Diese Regelung knüpft systematisch sowie seinem Wortlaut nach gerade an Abs. 1 an
und befreit in Fällen besonderer Härte lediglich von dem Erfordernis, dass grundsätzlich
für den Erwerb eines eigenständigen Aufenthaltsrechts nach Ehegattennachzug die
eheliche Lebensgemeinschaft für zwei Jahre bestanden haben muss. Das weitergehende
Verständnis des Vertreters der Antragstellerin einer völlig eigenständigen Härteregelung
führt zu einem Aufenthaltsrecht aus humanitären Gründen, das gerade im 5. Abschnitt
des AufenthG eine spezielle Normierung gefunden hat.
Das Eingreifen letzterer Regelungen war im vorliegenden Verfahren auch nicht zu prüfen.
Bei einer Aufenthaltserlaubnis nach diesem Abschnitt sowie der nach § 31 AufenthG
handelt es sich jeweils um unterschiedliche Streitgegenstände, da mit dem
Aufenthaltsgesetz für verschiedene Lebenssachverhalte jeweils eigenständige
Aufenthaltsansprüche geregelt sind (vgl. zum AuslG bereits BVerwG, Beschluss vom 21.
Oktober - 1 B 116.83 -, DVBl 1984, 93; VGH Mannheim, Beschluss vom 12. September
2002 - 11 S 636/02 -, NVwZ-RR 2003,236 f. m. w N; sowie zum AufenthG Beschlüsse des
Senats vom 25. April 2006 - 11 S 18.06 - und 7. August 2007 - 11 S 34.07 -).
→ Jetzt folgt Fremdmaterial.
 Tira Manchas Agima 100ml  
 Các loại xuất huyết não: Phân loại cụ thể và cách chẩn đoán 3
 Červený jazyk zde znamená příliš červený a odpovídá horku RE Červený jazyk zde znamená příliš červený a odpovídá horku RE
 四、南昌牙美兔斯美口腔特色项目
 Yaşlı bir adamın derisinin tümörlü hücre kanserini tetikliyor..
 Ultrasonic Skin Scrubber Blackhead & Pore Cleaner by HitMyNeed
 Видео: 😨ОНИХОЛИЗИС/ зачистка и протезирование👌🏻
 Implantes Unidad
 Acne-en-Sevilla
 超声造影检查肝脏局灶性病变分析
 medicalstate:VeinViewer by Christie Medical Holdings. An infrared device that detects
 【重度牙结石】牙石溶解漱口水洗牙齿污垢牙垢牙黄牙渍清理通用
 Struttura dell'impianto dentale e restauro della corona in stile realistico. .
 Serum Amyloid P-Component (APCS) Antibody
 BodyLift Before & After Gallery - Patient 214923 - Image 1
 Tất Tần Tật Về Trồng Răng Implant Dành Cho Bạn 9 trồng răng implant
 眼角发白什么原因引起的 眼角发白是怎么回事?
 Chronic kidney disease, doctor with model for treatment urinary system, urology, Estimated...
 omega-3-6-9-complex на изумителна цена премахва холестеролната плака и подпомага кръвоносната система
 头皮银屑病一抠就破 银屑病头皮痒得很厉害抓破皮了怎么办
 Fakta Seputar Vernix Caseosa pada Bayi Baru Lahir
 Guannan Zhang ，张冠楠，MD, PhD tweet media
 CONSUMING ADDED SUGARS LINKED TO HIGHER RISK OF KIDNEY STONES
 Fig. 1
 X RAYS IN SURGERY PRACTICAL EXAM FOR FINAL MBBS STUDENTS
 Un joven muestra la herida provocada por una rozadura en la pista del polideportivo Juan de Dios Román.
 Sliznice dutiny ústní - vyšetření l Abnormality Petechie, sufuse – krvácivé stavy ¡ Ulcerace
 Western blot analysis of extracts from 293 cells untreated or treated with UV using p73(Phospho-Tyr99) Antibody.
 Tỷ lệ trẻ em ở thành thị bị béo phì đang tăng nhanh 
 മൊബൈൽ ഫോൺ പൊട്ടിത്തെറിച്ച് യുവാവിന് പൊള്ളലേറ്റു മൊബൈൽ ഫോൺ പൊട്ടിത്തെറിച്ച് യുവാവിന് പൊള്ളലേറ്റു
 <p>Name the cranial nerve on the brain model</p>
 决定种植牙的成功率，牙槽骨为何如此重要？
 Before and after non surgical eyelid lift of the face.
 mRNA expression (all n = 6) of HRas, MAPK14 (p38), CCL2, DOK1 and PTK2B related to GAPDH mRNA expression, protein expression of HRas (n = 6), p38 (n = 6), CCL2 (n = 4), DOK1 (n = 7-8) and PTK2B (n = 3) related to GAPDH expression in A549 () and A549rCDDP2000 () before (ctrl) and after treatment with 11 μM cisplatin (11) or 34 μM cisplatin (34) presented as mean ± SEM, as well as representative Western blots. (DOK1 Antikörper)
Die Kostenentscheidung folgt aus § 154 Abs. 2 VwGO. Die Streitwertfestsetzung beruht
auf § 47 Abs. 1, § 53 Abs. 3 Nr. 2, § 52 Abs. 2 GKG.
Dieser Beschluss ist unanfechtbar (§ 152 Abs. 1 VwGO, § 68 Abs. 1 Satz 5 i.V.m. § 66
Abs. 3 Satz 3 GKG).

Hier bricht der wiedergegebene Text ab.